I was walking down 125th St. on a wet, dreary day in NYC when I received a text from an acquaintance about her debut appearance on Nightline. I wasn't in the least bit surprised that the topic of discussion for the trillionth time was unwed black women and them exploring interracial options. I was genuinely happy for her opportunity, but I was so over mainstream media's obsession with who black women do or don't date/marry.
Once again the popularity of our love lives has sky rocketed due to Ralph Richard Banks' latest book, Is Marriage for White People? According to Banks, black women should stop limiting their options to black men. "It's time for black women to stop being held hostage to the deficiencies of black men," Banks says. "They should emancipate themselves and not feel as if they have no option but make the best of this bad situation. Black women have been taking one for the team for a long time." For the record, Banks is married to a black woman.
I really don't care about Banks' hypothesis. After his horrid article, "Why black women are justifiably bitter: The bleak relationship picture for African-American females" on NYDailyNews.com, there is nothing Banks can tell me about relationships.

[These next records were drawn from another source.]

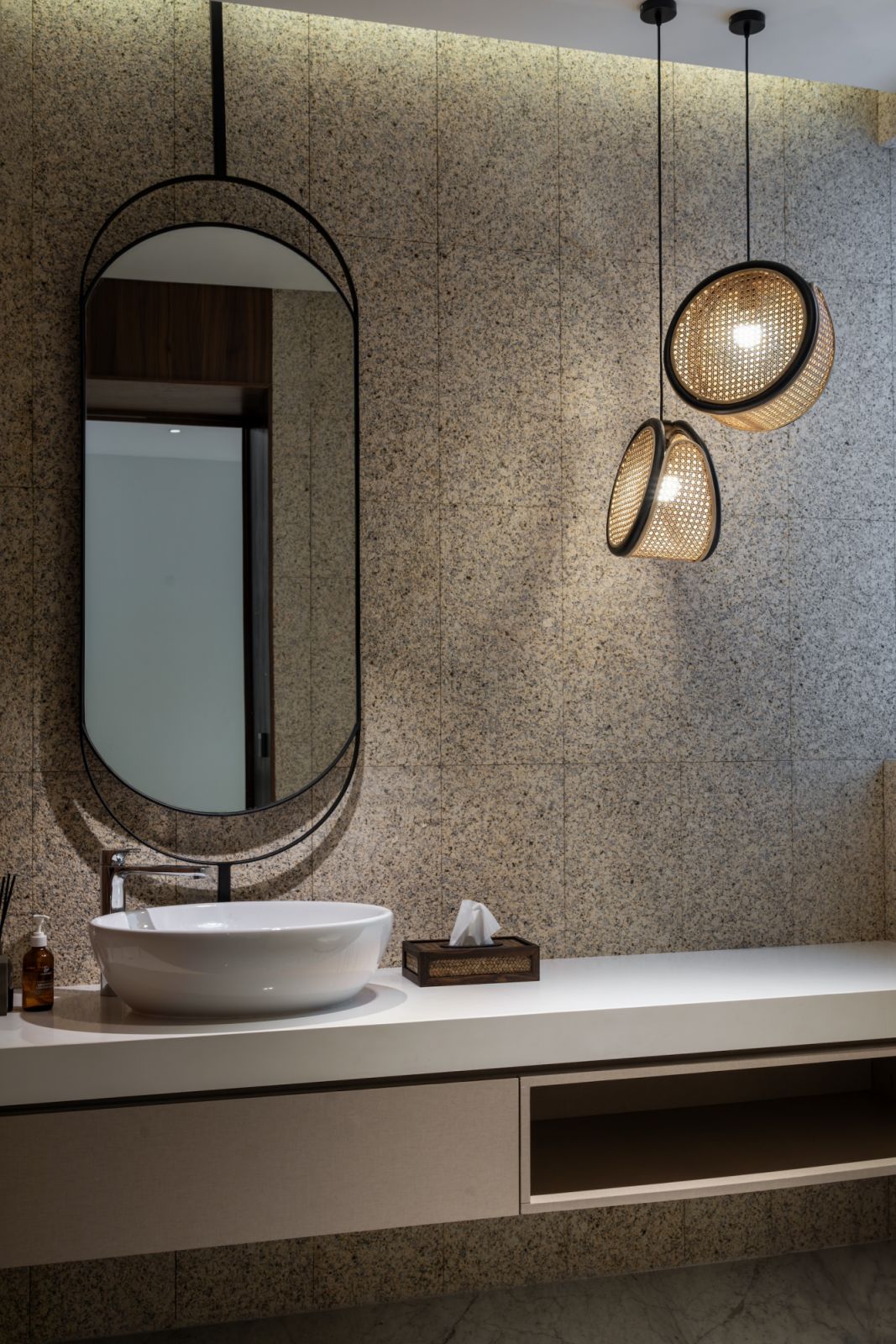A luxurious bathroom showcases the refined material palette with granite feature walls, contemporary fixtures and woven pendant lights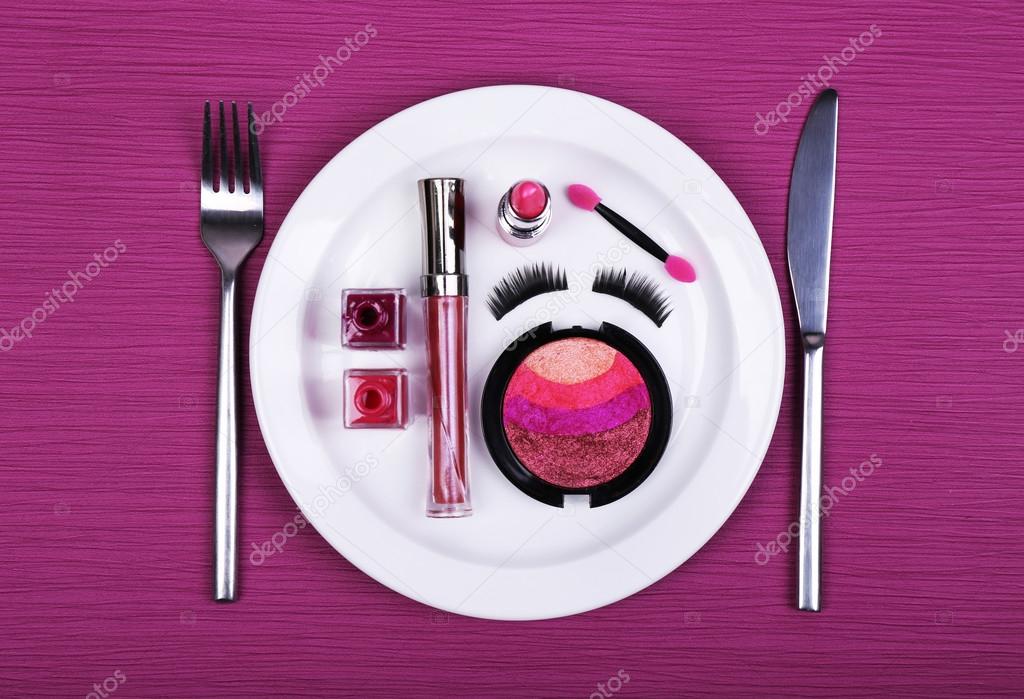 Makeup accessories on plate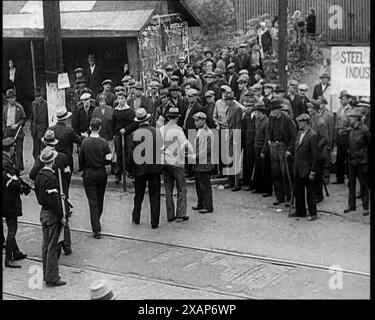 Kleine Menge amerikanischer Zivilisten auf Demonstration/Streik, 1930er Jahre Eine Gruppe von Männern vor einem Stahlwerk, die bewaffnete Polizisten gegenüberstehen. Aus Time to Remember - The Tough Guys, 1930er Jahre (Reel 1); ein Dokumentarfilm über das Leben in Amerika, das von Depressionen und Gangstern heimgesucht wurde. Stockfoto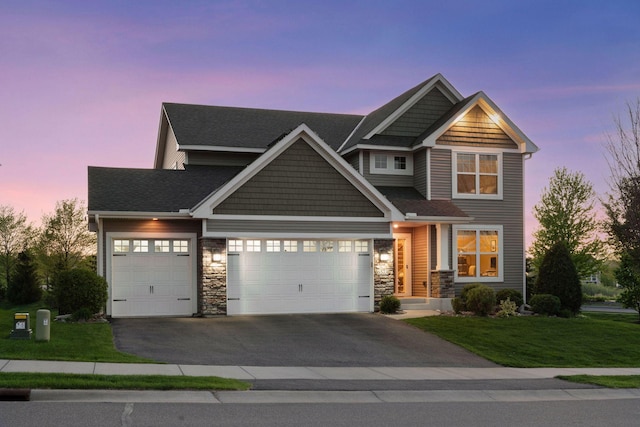 craftsman-style home with driveway, a lawn, a garage, and stone siding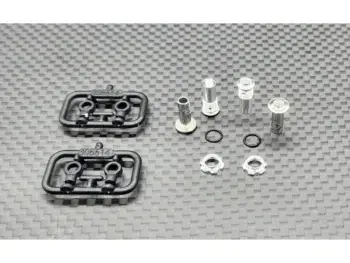 De foto toont diverse metalen en kunststof onderdelen voor schokdempers, waaronder zilverkleurige schroefdempers, zwarte O-ringen en zwarte kunststof houders. De onderdelen liggen op een donkergrijze, geruite ondergrond.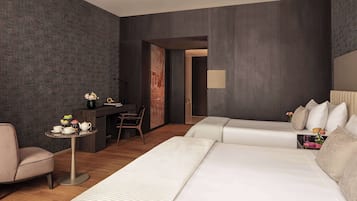 A modern hotel room with a large bed, a desk with a chair, a small table with a vase of flowers, and a large window.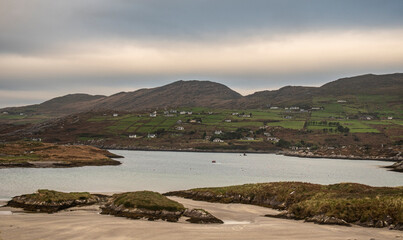 view of the river in the mountains in the background
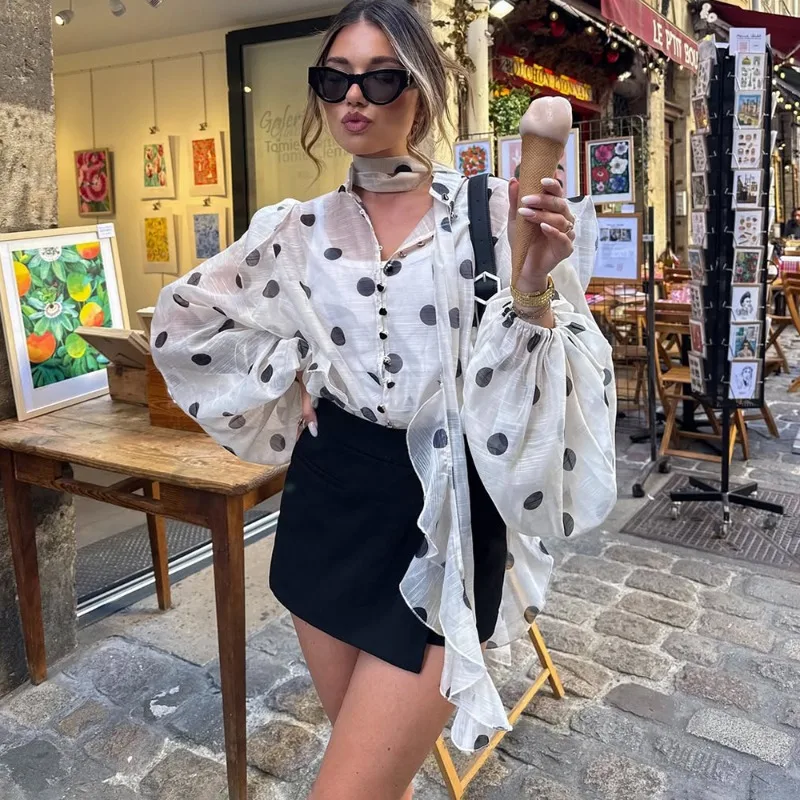 Women's Polka Dot Ruffle Blouse with Lace-Up Neck and Sheer Detail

I am, however, annoyed that black women's singleness has become a spectacle. For starters, this story has been covered ad naseum since 2009. The Washington Post was ahead of the curve with Joy Jones' "Marriage Is for White People" in 2006, hence the inspiration for the title of Banks' book. What's also troublesome is the focus on the so-called dreadful statistic of unwed black women while fewer Americans in general are marrying. Where's all the chatter about white, Asian and Latina single ladies? Anyone who has spent any time around young professional white women would know that they too are frustrated with dating. Yet, unlike Nightline's 2010 "Face Off: Why Can't a Successful Black Woman Find a Man?" special, no white celebrities were called for a panel discussion about the 45% of unmarried white women .

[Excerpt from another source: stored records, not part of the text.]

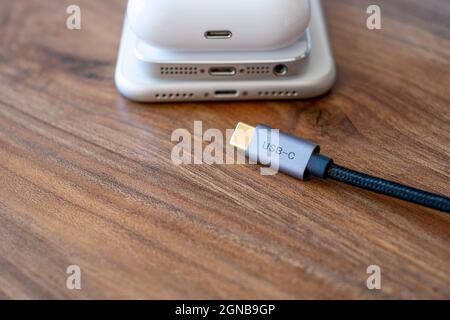 Trying to put type-c  or usb-c on mobile phone. Smartphones headphones and type c cable on the table Stock Photo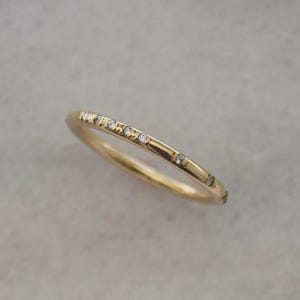 Könnte beinhalten: Ein dünner Goldring mit einer Reihe kleiner, gleichmäßig verteilter, klarer Steine, die entlang der oberen Hälfte des kreisförmigen Metallbandes gefasst sind. Der Ring hat eine polierte Oberfläche und ein schlichtes, schmales Profil.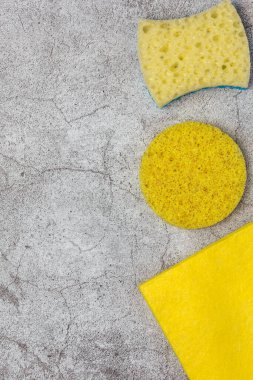 Temizlik konsepti. Ev eşyaları paçavraları, peçeteler, çamaşır tozunu silmek için çeşitli sarı süngerler ve fotokopi alanı olan boş bir arkaplanda ev işleri üst görünümü.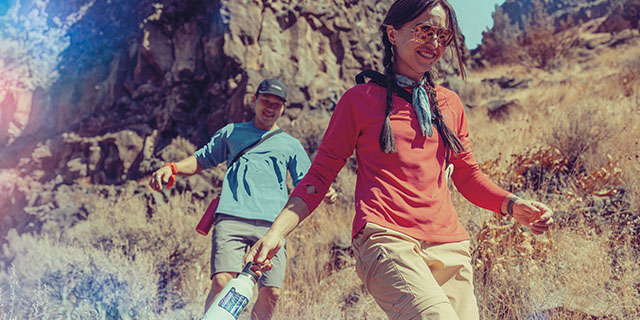 A couple hiking around boulders.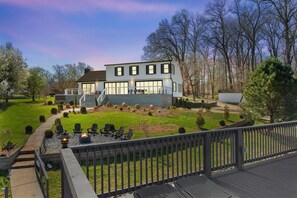 Escape to your own private oasis in our expansive backyard, complete with a cozy fire pit and towering trees. Enjoy a night under the stars with loved ones or a peaceful afternoon of relaxation in nature.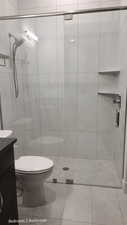 Bathroom 2 with a stall shower, vanity, and tile patterned floors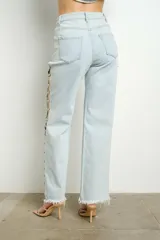 Pantalón de jean celeste con lavado claro, tiro alto, corte recto y apliques de gemas en aberturas laterales.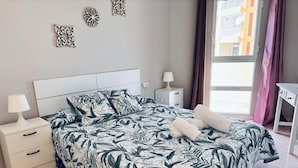 A neatly made bed with a leaf-patterned bedspread, a bedside table with a lamp, and a window with curtains. - Troya Beach Apartments (Playa de la Américas)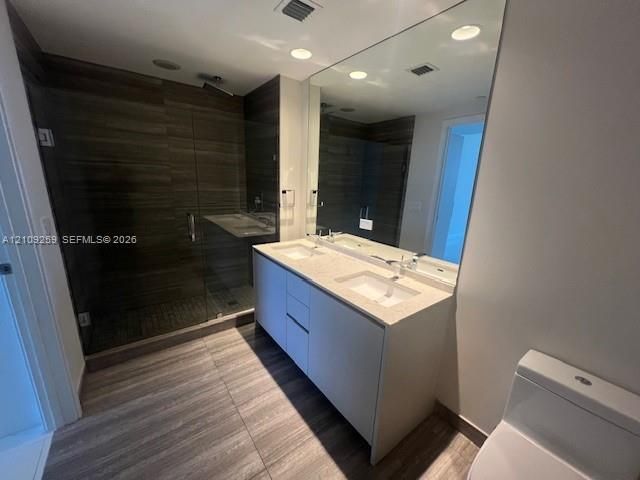 Dual-sink vanity with a solid-surface countertop, walk-in shower with floor-to-ceiling tile, full-width wall mirror, and large-format wood-finish tile flooring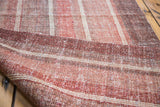 Flat woven texture of Kilim rug runner in rose red and wine burgundy striations.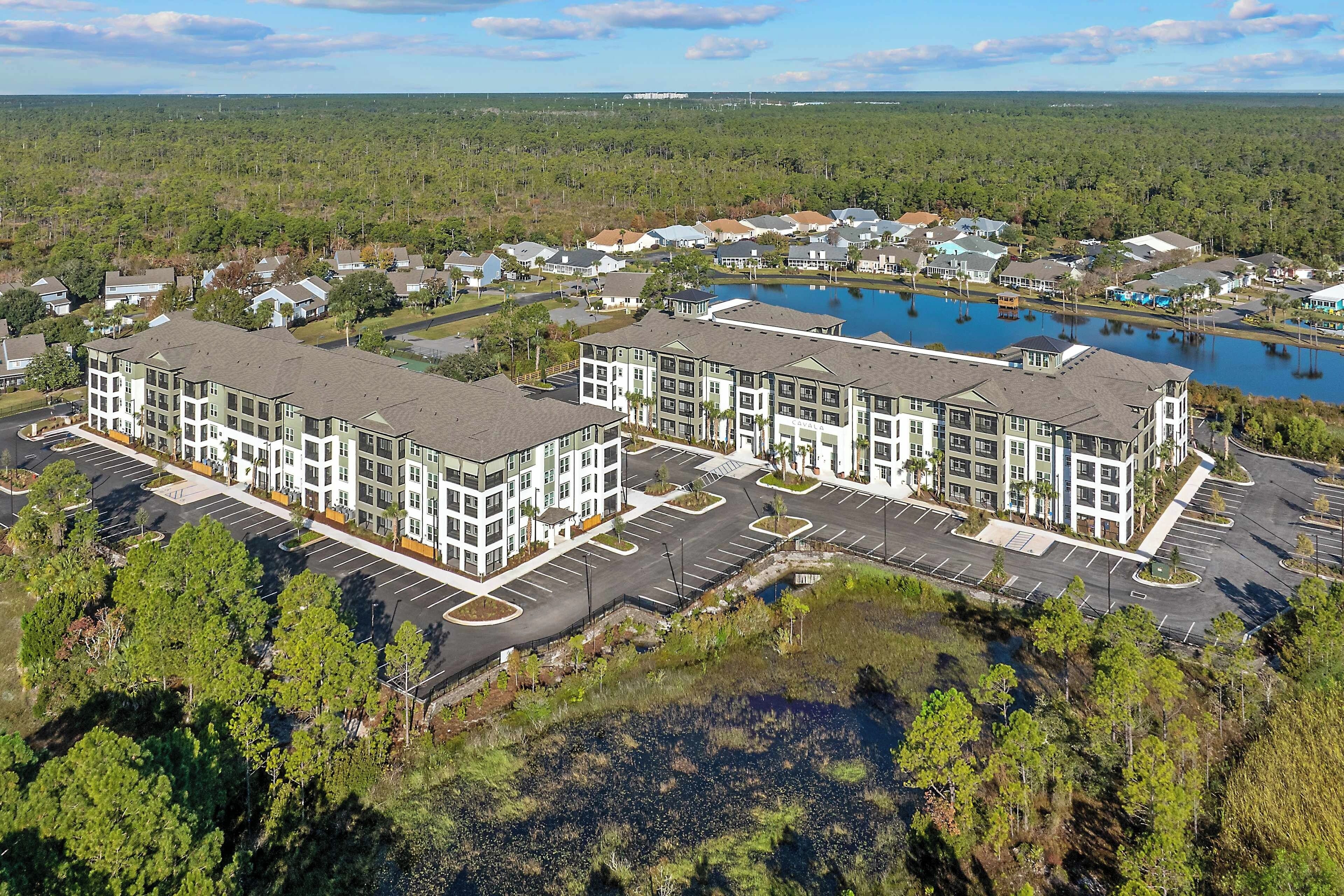 A multi-story residential building with a parking lot and a lake.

It is beyond problematic that authors, journalists, researchers, social commentators and mainstream media find that black women's singleness is a crisis, and that the solution is to marry white men. Single white women are never told to "date outside their race," "stop being so loyal to white men" or "marry a black man!" Why then would we accept that black women must date, marry and procreate with a white man to solve our relationship woes? I call patriarchy and white privilege. Let's be clear of what's going on here with the media's propaganda.

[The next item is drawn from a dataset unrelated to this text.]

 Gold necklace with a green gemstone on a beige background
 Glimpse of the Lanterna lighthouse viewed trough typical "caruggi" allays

First and foremost, the media is only exhaustively covering this topic because it's popular. Outside of site hits and ratings, the goal is really quite simple and has been happening since the 19th century. The tragic single black woman meme reinforces that black women are unlovable. And why are we unlovable? Because, you know, we're loud, angry, attitudinal, "ghetto" and whores. If we happen to be the educated bunch we're still unlovable, but for a different reason. Educated black women are unlovable because we are emasculating bitches who don't know our place.
I am completely against the narrative around black women's dating life, marriages and wombs from people have no vested interest in black women or black men. The conversation that is being had is both destructive and thoughtless. Black women are fine. We don't need a come to Jesus moment. None of the black women I know (and I know countless highly educated, talented, kind, giving, creative, brilliant black women) need the media or anyone else to tell them who to date. If they want to date white men they do. And if they want to remain loyal to black men, by all means, please fucking let us.
As I changed the channel to watch Evie on Nightline I thought of the tweet a few weeks the Wall Street Journal tweeted: "We're hosting a conversation: should black women marry outside their race? Submit your opinions and questions: http://on.wsj.com/pksh5d." My timeline filled quickly with the fury of women (of all races) retweeting with comments such as: "Again?" "Why?" "Oh god no." And I added, "Please let this topic die a quick death."
I don't know any black women who gain anything from these articles, books and Nightline segments dissecting our "singleness." In fact, the response is always something along the lines of: "I still don't get the fascination with black women and who they marry or if they marry." (Direct quote from a black woman on Twitter).
As Nightline ended its segment featuring Banks and Evie I clutched my pearls when the host said, "Thanks to Lindsey Davis for solving that perplexing problem." Now that the "perplexing problem" of who black women date and marry is quote unquote solved, can we move on? Nothing here to see folks.